As far as what bm and her family tell the kids-its really none of their business. The kids can call you what they want and what you all agree on in your own home.

Bojangles's picture

I read your post and my heart sank because it was all so familiar. 'Easy going' Dad, check, happy to let someone else put the effort in with his children, check, wants his partner to love his children and 'treat them like your own', check, except when it comes to rules and discipline where he expects you to treat them like HIS own and just 'let it go', check.

In these situations a difficult double standard prevails where Dads are happy to step back and let their kind hardworking partner gradually fill the active parenting role, but rather than true coparenting they want to edit and undermine their partner's authority when it comes to the children. If you already have a good relationship with his children then those children would most likely be a lot happier with a caring, engaged, but slightly stricter than Dad stepmum, than a disengaged stepmum and 'easy going' Dad, and that's what Dad needs to understand. He cannot pick and choose parts of your stepparenting that suit him, and you can't be expected to love his children like your own. It's a completely unrealistic expectation.
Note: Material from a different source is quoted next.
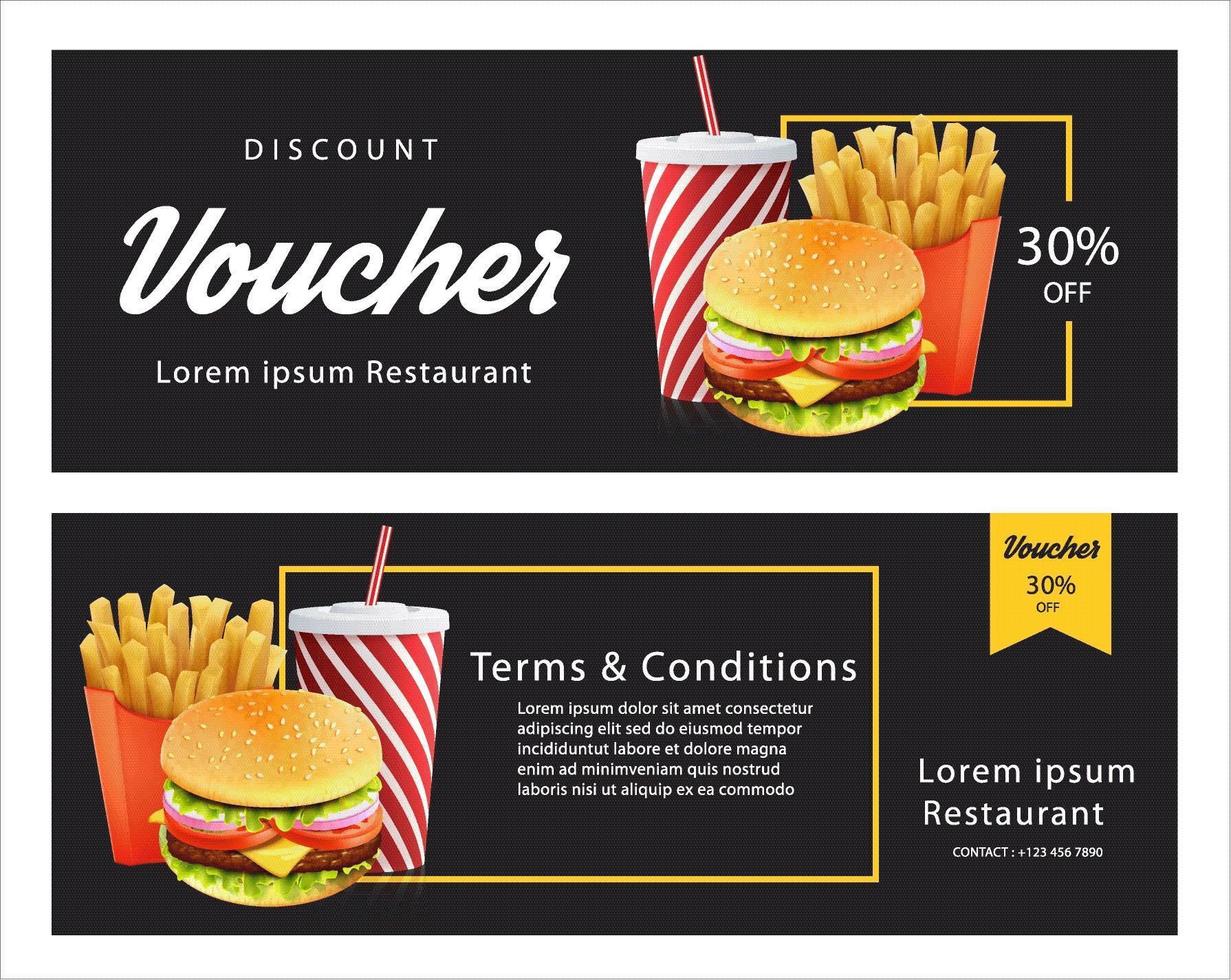 Burger Discount Voucher Template Set vector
In my view disengaging is a last resort, and I speak as a disengaged stepmum, because it's a lot nicer living with children that you care about and being able to exercise appropriate control over your home, than turning a blind eye all the time and trying not to care. If the two of you don't have a similar parenting style then the next best thing is to negotiate with Dad over rules and consequences, actually agree and write them down and discuss with the kids, and then both follow through on them consistently. Those rules and consequences might require some compromise where you learn to be more easy going about some things, and he learns to be more strict about others. This may or may not work, and you have to keep some emotional distance and not invest too much of yourself, ideally what you want is pleasant and engaged, but without putting your heart on the line.

As for his level of participation - with some men the only way you can get them to step up more is to absent yourself and create a parenting vacuum which requires him to come in from the garage/garden or has them in the garage/garden with him. Make sure you have your own time, make plans, go out, don't make the mistake of orientating your life around his children all the time. The won't appreciate it and in the long term it will lead to resentment.

jan2486's picture

Thank you everyone for your advice. I have slightly been allowing myself to disengage, but still maintaining authority in my home. DH has been stepping it up like you wouldn't believe, and I am accepting that he doesn't need to do it my way, because they aren't my children. I worry about how he is going to handle this once he realizes I am bowing out, because we entered our marriage with the mindset that I would their mom. But, for my own sanity, I have to keep my heart free of stress. I have been much less overwhelmed, but I have been spending most of my time in my bedroom, it's just where I feel the most comfortable, and I don't have to worry about being caught in between a debacle with the kids and feel the need to referee.

The hardest thing is that I feel like I have been raising them so that when DH and I decide to have a child, their older siblings would be the type of role model I want as his or hers older brothers. I always had this vision of what my family would be, and my goal was to not have it be a broken one. With DH already being part of one, I am doing my best to accept that that vision is so not going to happen anymore. I think accepting that will be my biggest feat.